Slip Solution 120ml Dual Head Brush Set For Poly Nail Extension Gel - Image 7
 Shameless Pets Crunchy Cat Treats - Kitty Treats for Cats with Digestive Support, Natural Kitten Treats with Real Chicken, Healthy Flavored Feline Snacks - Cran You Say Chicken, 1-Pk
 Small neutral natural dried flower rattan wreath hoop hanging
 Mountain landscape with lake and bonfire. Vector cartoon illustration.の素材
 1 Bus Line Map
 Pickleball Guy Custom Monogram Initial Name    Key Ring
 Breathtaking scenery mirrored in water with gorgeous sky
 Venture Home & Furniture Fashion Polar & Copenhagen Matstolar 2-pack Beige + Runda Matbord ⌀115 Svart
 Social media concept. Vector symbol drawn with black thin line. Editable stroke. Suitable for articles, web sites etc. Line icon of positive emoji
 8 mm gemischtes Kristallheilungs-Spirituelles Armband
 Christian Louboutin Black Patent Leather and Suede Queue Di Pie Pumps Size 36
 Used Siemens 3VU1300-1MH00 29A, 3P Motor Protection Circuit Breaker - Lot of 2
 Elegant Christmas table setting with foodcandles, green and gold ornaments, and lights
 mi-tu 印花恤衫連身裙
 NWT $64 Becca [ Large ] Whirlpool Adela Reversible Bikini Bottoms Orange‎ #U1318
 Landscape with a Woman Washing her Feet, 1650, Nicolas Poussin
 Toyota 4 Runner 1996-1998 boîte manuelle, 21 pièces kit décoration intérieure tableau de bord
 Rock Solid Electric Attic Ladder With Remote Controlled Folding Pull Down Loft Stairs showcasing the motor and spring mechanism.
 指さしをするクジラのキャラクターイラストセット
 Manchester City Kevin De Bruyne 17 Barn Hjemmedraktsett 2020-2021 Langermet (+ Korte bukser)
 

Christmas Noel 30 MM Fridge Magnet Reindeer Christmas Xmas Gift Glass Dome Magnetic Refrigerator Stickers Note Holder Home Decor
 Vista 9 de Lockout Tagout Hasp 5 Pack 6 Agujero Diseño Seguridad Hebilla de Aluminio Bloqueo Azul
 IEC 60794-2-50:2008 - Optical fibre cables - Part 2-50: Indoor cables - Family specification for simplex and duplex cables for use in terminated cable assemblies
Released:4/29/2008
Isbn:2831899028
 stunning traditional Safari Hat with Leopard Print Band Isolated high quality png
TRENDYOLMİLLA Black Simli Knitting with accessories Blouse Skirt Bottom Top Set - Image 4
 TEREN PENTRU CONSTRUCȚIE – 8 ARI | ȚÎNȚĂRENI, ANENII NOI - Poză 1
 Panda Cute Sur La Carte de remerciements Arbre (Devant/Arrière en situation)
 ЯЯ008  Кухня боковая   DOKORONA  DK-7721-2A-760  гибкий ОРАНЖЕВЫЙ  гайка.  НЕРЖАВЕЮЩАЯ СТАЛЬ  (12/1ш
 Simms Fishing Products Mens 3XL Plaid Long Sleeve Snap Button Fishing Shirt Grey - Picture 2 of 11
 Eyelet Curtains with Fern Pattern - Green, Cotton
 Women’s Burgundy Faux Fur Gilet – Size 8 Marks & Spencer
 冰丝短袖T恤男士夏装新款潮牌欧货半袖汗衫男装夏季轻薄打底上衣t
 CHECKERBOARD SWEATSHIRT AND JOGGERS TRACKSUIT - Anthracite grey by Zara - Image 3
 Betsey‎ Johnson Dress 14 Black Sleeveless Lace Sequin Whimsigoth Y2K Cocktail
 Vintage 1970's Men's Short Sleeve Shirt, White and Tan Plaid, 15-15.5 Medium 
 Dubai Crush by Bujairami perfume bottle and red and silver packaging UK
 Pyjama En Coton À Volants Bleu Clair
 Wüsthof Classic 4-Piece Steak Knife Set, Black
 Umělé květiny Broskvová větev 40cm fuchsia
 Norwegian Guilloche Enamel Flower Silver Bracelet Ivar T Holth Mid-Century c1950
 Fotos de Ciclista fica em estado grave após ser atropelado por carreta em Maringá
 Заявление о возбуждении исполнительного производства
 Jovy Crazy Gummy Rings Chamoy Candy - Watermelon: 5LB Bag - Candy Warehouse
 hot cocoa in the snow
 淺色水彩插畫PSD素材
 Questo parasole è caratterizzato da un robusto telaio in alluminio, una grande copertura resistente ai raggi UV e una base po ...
○ ○ ○ ○ ○
## WORK REQUIRED
Only one stretch of the data above is needed. Restate it word for word, from the line containing "Vista 9 de Lockout" through the line containing "IEC 60794-2-50:2008 - Optical", both ends included.

## TASK RESULT
 Vista 9 de Lockout Tagout Hasp 5 Pack 6 Agujero Diseño Seguridad Hebilla de Aluminio Bloqueo Azul
 IEC 60794-2-50:2008 - Optical fibre cables - Part 2-50: Indoor cables - Family specification for simplex and duplex cables for use in terminated cable assemblies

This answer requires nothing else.